We all know a real time application is going to have more no. of objects. Expecting GC to traverse through each and every object is going to be time consuming and could degrade the system. Assume a application has some cache objects - which means they are going to be live for long time [if not till the end of the program, at least for some long time] – so GC performance can be improved if it can avoid visiting these kind of long lived objects regularly.

The two important observations about objects:

Most objects have very short lives [ex: local objects].
Some objects have long lifetimes [ex: Cache objects], and it could refer to any short-lived object as well.

Having these two points as base assumption, GC group’s objects by age, and GC collects younger [short lived] object more often than older [long lived] ones.

Generational Collectors:

In this approach, the heap is divided into two sub-heaps; each serves one generation of objects and garbage will be collected from each heaps separately.

When an object is created it allocates memory in the younger generation, if the object survives few younger generation garbage collections then the object will get promoted to old generation.

The younger generation is typically small and collected frequently. As most objects are short-lived, only a small percentage of young objects are likely to get promoted to older generation. On the other hand the older generation is typically larger and collected less frequently as it is expected to have long lived objects.

In order for an object to be retained in younger generation for few cycles, the younger generation is further split in to three areas.

The Eden: The place where most new objects are allocated, this place is empty after a garbage collection cycle

Two-survivor space: These hold objects, which has survived one garbage collection and have been given another chance to become unreachable before they promoted to old generation. Like shown in the above figure only one survivor space will have object while the other is most of the time empty.

Demonstration of a Minor [Young generation] GC cycle:

In general all objects will be initially created in Younger generation [Eden space]
When GC runs in young generation heap[both in eden and from], the object found for garbage are marked as X.
Live objects found in the Eden are copied to unused survivor space.
Live objects in the survivor space [From], which needs to be given another chance, are copied to unused survivor space
Live objects in the survivor space[From], which are old enough, are promoted to old generation

Towards the end of the minor GC, the two survivor space swaps space [From <--> To]
Eden will be empty, one survivor space[From] will have objects and other [To] will be empty

The cycle keeps continuing... At the time of next run: the Eden will be filled by new objects, From will have objects which has survived previous run, and To will be empty as usual. The GC cycle repeats and non-referenced objects are cleaned up.

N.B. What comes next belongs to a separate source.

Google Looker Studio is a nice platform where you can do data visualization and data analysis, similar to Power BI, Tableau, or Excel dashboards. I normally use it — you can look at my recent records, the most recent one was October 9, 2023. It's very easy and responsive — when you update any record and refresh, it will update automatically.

With this I assume we have some good understanding how GC deals with short-lived objects.

Below are the commonly known garbage collectors:

1. The Serial GC:

For young generation, this GC work in the same way mentioned above

For old generation, it mange by “sliding compacting mark-sweep”

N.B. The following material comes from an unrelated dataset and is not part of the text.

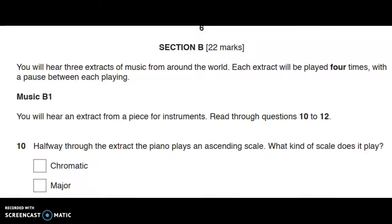In this video, I'm going to look at the 2017 question paper, Section B, B1. You will hear three extracts of music from around the world. So we're going to look at B1 today and let's first look at the questions.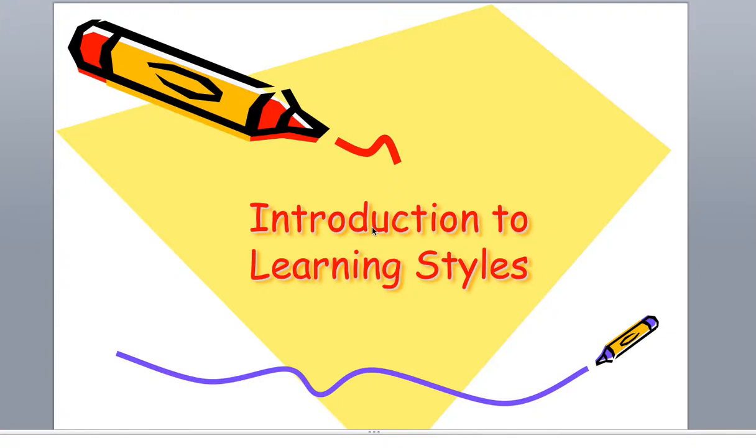Okay, this is for the assignment of the learning styles assignment. It's a short little PowerPoint, and I'm going to show you how I want you to do this assignment.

Sliding Compacting Mark-Sweep

After identifying the objects, which are going to live in old generation, it slides them towards the beginning of the heap so that free space will be available as contiguous chunk towards the end. Hence memory allocation for any new object will be easier.

Both Minor and Full GC take place in sequence in a Stop the World fashion; the application will be stopped when GC is in progress.

2. The Parallel GC:

This operates similar to Serial GC [Stop the World Fashion], however both the minor and full garbage collections take place in parallel.

3. The Mostly Concurrent GC:

Also known as Concurrent Mark-Sweep [CMS], manages the young generation in the same way [stop the world fashion], where as the old generation [large part of the heap] is managed concurrently. Unlike other two GC, this does not do the fragmentation, free space are not contiguous as a result allocation into old generation is expensive.

Application, which requires huge heap, tends to opt to this GC. Since Heap is huge the GC is going to take more time, and this does not stop the application while GC is in progress

4. The Garbage-First GC:

This is parallel, concurrent, and compacting low-pause GC.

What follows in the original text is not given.